_The problem_
Your answer should be the full data, transcribed exactly, with no pictures in it.

_Source data_
* * * * *

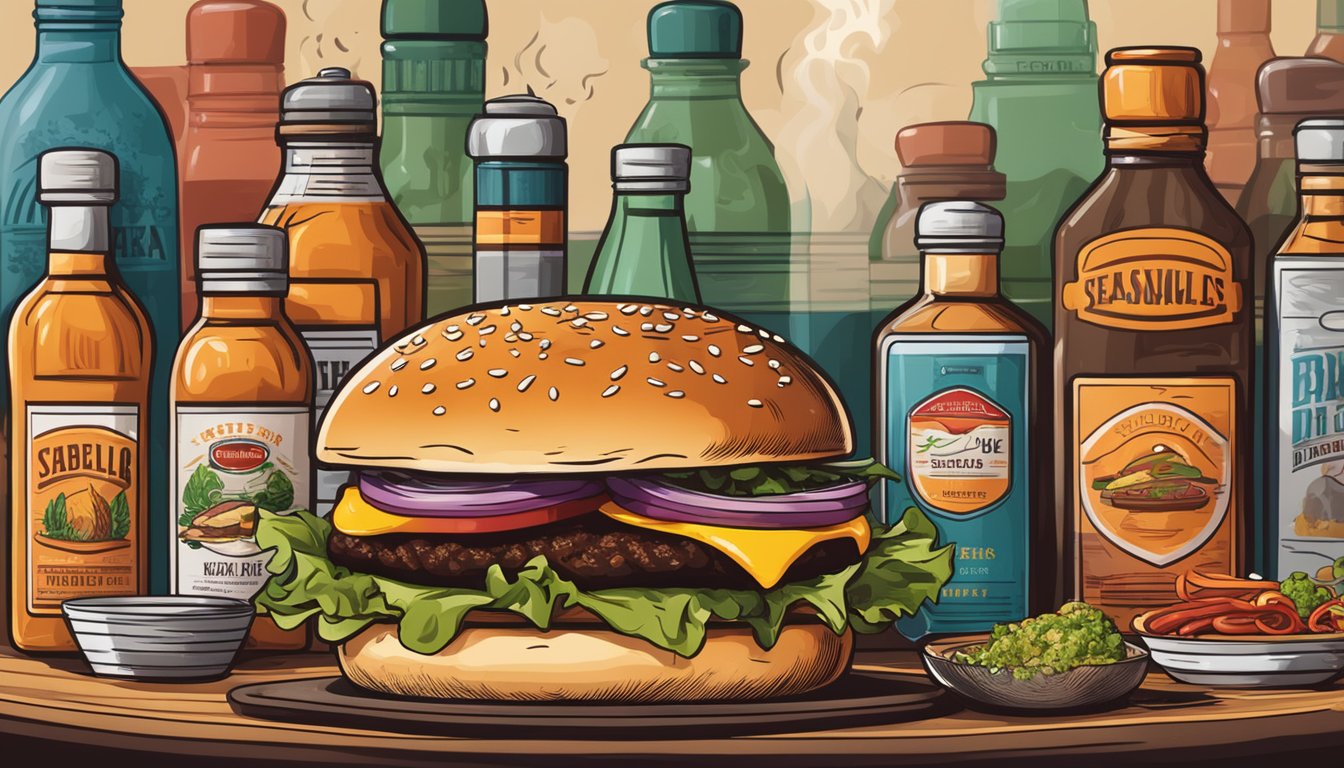 A sizzling burger on a grill, surrounded by bottles of various seasonings and sauces, with a Texas BBQ style theme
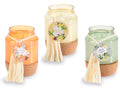 Candele profumate in barattolo di vetro con base sughero e nappina, set da 6 pezzi, Ø 6,5 cm x 9,5 H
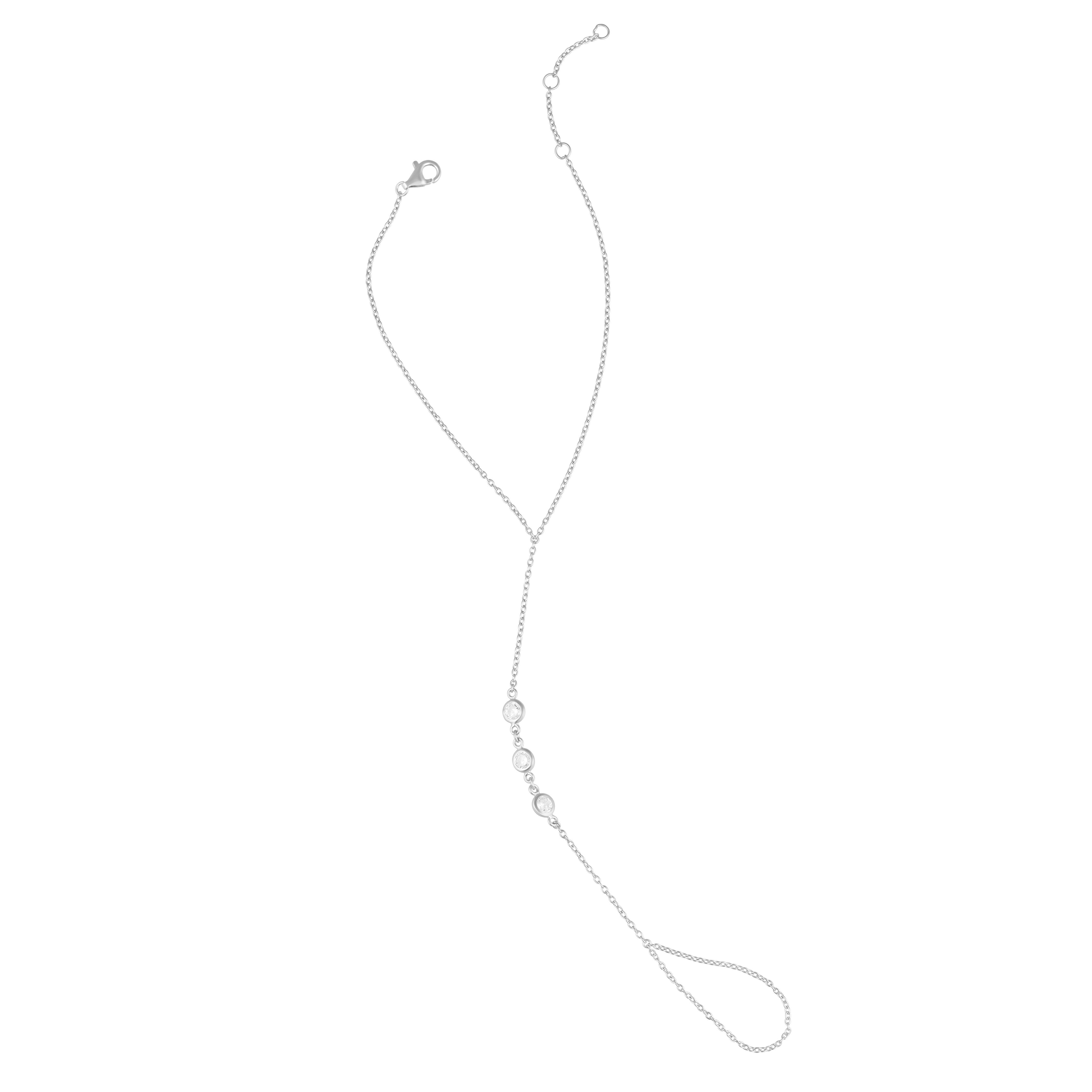 Cz Bezel Hand Chain Bracelet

* * * * *

_Completed task_
 A sizzling burger on a grill, surrounded by bottles of various seasonings and sauces, with a Texas BBQ style theme
 Candele profumate in barattolo di vetro con base sughero e nappina, set da 6 pezzi, Ø 6,5 cm x 9,5 H
 Cz Bezel Hand Chain Bracelet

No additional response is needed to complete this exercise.